# Stam vs Parente



## Fabry_cekko (20 Aprile 2013)

ha rischiato la vita


----------



## jaws (20 Aprile 2013)

da quel giorno non ha più dormito tranquillo


----------



## Fabry_cekko (20 Aprile 2013)

jaws ha scritto:


> da quel giorno non ha più dormito tranquillo



 gli sta bene perchè voleva fargli male alla gamba


----------



## iceman. (20 Aprile 2013)

Credo che chiunque se la sarebbe fatta sotto, perfino ibra


----------



## Darren Marshall (21 Aprile 2013)

Da notare la faccia terrorizzata


----------



## Canonista (21 Aprile 2013)

iceman. ha scritto:


> Credo che chiunque se la sarebbe fatta sotto, perfino ibra



Ibra piuttosto le prende e si congratula, non se la fa sotto...come con Onyewu.


Comunque questo gesto di Stam mi ricorda Maldini con Chiellini, tralasciando il fatto che Stam era un vichingo con una forza inaudita.

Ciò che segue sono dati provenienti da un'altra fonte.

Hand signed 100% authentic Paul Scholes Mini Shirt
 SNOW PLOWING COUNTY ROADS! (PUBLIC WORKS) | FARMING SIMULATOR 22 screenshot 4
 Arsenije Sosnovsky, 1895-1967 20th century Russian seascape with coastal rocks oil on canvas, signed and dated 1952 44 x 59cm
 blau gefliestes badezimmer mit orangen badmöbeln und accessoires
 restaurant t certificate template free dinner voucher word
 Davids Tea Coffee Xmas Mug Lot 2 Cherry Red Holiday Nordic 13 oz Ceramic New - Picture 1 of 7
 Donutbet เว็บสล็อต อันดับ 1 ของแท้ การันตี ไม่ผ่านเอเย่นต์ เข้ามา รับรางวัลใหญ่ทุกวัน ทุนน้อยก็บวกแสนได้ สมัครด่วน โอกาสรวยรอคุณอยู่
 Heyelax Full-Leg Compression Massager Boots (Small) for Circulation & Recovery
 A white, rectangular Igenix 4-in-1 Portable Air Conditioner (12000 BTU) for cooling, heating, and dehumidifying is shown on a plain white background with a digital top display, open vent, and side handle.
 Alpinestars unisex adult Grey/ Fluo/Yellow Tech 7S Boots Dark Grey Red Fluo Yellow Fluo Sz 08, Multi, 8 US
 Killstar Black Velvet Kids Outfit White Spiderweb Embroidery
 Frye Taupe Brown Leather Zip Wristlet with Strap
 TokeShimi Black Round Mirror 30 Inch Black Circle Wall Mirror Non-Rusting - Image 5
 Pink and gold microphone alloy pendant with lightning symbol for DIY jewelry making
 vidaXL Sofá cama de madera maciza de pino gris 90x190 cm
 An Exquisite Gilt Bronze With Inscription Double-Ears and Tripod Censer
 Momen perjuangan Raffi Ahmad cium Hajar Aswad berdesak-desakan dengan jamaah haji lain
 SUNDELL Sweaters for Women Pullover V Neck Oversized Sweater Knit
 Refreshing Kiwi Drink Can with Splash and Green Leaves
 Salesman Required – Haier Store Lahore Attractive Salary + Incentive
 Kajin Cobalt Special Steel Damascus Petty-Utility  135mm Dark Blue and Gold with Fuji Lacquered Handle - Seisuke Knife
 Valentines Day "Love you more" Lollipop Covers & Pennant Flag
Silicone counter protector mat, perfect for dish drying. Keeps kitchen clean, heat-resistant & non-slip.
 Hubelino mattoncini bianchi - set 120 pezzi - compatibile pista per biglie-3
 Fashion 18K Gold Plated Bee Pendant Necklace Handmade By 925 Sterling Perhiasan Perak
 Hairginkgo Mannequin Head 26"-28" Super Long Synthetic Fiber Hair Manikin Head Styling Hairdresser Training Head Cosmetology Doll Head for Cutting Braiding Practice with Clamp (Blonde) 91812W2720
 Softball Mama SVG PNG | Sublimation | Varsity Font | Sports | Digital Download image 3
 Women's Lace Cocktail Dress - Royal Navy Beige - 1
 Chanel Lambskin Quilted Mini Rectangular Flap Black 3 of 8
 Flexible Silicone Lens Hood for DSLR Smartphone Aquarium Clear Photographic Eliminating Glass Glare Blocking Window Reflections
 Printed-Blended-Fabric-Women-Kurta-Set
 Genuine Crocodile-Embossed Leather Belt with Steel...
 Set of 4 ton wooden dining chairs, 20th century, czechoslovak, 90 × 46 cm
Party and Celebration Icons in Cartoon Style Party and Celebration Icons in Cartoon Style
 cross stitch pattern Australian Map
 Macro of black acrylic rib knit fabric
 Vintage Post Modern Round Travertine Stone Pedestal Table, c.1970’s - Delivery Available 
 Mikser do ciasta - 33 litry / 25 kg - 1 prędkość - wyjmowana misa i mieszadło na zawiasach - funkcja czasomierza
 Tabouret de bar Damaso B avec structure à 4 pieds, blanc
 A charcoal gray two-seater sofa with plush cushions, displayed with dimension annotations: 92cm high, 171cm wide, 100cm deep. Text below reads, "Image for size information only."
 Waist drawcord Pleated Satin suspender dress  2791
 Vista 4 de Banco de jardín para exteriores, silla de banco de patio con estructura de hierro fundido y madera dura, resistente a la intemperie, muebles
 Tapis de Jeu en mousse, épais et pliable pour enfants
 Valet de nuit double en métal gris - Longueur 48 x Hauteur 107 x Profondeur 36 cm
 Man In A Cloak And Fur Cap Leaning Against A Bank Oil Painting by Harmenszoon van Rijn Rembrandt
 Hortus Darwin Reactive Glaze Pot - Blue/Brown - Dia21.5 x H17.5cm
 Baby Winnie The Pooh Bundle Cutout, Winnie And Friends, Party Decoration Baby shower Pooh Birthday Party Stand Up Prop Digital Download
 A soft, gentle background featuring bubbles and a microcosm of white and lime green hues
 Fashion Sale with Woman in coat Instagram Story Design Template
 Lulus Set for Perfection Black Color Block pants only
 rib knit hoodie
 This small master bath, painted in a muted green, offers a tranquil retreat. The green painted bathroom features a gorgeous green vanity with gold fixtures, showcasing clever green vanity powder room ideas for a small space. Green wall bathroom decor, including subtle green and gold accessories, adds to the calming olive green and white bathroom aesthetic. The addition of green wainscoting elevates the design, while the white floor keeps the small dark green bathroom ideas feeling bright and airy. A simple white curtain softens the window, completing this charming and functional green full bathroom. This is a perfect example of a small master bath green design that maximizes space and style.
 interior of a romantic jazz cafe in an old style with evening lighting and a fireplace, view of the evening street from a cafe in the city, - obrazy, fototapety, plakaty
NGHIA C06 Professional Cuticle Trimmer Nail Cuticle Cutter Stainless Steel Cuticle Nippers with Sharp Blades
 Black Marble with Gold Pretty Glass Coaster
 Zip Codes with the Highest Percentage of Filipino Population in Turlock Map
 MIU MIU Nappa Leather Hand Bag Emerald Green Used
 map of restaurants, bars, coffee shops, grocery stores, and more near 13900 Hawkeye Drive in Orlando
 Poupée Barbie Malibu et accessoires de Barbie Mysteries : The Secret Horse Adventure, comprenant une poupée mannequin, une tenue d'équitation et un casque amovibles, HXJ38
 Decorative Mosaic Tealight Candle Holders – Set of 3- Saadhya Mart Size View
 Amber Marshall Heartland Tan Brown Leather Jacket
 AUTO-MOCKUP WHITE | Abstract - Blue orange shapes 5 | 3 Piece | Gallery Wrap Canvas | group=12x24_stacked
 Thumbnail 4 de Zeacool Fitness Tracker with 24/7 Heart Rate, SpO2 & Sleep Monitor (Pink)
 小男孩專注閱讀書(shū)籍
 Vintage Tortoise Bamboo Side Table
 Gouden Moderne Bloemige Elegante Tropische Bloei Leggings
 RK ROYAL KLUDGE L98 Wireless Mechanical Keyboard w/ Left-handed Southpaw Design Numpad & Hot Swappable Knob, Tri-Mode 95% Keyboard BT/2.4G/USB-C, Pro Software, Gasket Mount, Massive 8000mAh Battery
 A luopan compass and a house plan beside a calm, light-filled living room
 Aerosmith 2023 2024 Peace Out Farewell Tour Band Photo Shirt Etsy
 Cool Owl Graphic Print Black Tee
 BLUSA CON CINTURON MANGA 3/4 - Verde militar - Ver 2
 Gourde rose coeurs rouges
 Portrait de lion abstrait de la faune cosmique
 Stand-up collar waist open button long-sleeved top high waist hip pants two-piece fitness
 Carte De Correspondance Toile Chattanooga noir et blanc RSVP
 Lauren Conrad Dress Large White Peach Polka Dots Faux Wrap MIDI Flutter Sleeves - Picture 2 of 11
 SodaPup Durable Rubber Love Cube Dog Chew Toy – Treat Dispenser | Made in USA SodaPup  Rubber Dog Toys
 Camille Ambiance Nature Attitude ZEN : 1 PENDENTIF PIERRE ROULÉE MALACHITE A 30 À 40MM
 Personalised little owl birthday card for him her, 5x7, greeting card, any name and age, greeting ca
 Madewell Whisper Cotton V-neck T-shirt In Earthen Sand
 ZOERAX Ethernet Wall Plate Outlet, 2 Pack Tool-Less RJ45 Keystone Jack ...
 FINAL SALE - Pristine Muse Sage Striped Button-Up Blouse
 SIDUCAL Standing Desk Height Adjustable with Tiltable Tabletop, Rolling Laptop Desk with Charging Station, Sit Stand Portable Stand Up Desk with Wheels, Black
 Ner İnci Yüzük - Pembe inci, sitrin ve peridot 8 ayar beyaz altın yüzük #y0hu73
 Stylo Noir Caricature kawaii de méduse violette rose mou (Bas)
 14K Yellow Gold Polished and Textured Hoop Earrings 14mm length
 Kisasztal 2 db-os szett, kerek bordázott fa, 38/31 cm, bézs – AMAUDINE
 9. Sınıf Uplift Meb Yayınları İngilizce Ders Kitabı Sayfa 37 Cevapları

Ma quando voleva picchiare quello di colore e lo mantenevano in due squadre mentre l'altro non se lo ca.gava nessuno?


----------



## Harvey (21 Aprile 2013)

Ricordo un Milan Cagliari con Suazo sulla fascia laterale che lancia la palla avanti e scatta come suo solito prendendo tanti metri a Stam, l'olandesone vedendosi superato gli da una spallata e lo fa volare dietro i tabelloni pubblicitari senza fallo


----------



## Brontolo (21 Aprile 2013)

Canonista ha scritto:


> Ibra piuttosto le prende e si congratula, non se la fa sotto...come con Onyewu.
> 
> 
> Comunque questo gesto di Stam mi ricorda Maldini con Chiellini, tralasciando il fatto che Stam era un vichingo con una forza inaudita.
> ...



chi era?


----------



## #Dodo90# (21 Aprile 2013)

Brontolo ha scritto:


> chi era?


Vieira


----------



## Fabry_cekko (21 Aprile 2013)

Harvey ha scritto:


> Ricordo un Milan Cagliari con Suazo sulla fascia laterale che lancia la palla avanti e scatta come suo solito prendendo tanti metri a Stam, l'olandesone vedendosi superato gli da una spallata e lo fa volare dietro i tabelloni pubblicitari senza fallo



voglio il video


----------



## Hammer (21 Aprile 2013)

Leggenda


----------



## Fabry_cekko (21 Aprile 2013)

il bello è che quando ***** li va a separare, il mitico Parente avanza prepotentemente


----------



## Freddy Manson (21 Aprile 2013)

In quell'occasione Parente ha perso tipo 3 anni di vita per la paura.


----------



## #Dodo90# (21 Aprile 2013)

Fabry_cekko ha scritto:


> il bello è che quando ***** li va a separare, il mitico Parente avanza prepotentemente


Più lo guardo e più rido   

Parente ha proprio la faccia di uno che sta per essere ucciso


----------



## Splendidi Incisivi (21 Aprile 2013)

Mamma mia, Jaap è sempre stato un animale, che bestia, secondo me lo stesso Ibra non sarebbe uscito bene da uno scontro con l'olandese.


Brontolo ha scritto:


> chi era?






 lo mantengono in venti


----------



## Canonista (21 Aprile 2013)

Esatto, Vieira, non mi veniva! 

...e Vieira non è l'ultimo fesso del pollaio


----------



## Fabry_cekko (21 Aprile 2013)

Canonista ha scritto:


> Esatto, Vieira, non mi veniva!
> 
> ...e Vieira non è l'ultimo fesso del pollaio



secondo me non le prendeva di brutto


----------



## Canonista (21 Aprile 2013)

Fabry_cekko ha scritto:


> secondo me non le prendeva di brutto



Non so, ma le stava per prendere da Rooney 

Altro video:








Anche quello con Zamorano fa morire


----------



## Fabry_cekko (21 Aprile 2013)

Canonista ha scritto:


> Non so, ma le stava per prendere da Rooney
> 
> Altro video:
> 
> ...



da Rooney???

nessuno riesce a trovare il video Stam vs Suazo?


----------



## Canonista (21 Aprile 2013)

Cosa c'è di strano? Rooney è il primo hooligan di Manchester


----------



## Fabry_cekko (21 Aprile 2013)

Canonista ha scritto:


> Cosa c'è di strano? Rooney è il primo hooligan di Manchester



non mi ricordo l'episodio...su youtube non c'è il video?


----------



## Z A Z A' (22 Aprile 2013)

Penso che l'espressione di Parente sia una delle manifestazioni di terrore più pure che io abbia mai visto.
Jaap


----------



## iceman. (22 Aprile 2013)

Che poi era fortissimo, al centro insieme a nesta era una goduria...anche spostato da terzino a 31/32 anni sfornava prestazioni e cross del miglior cafu'. o
che bestia.


----------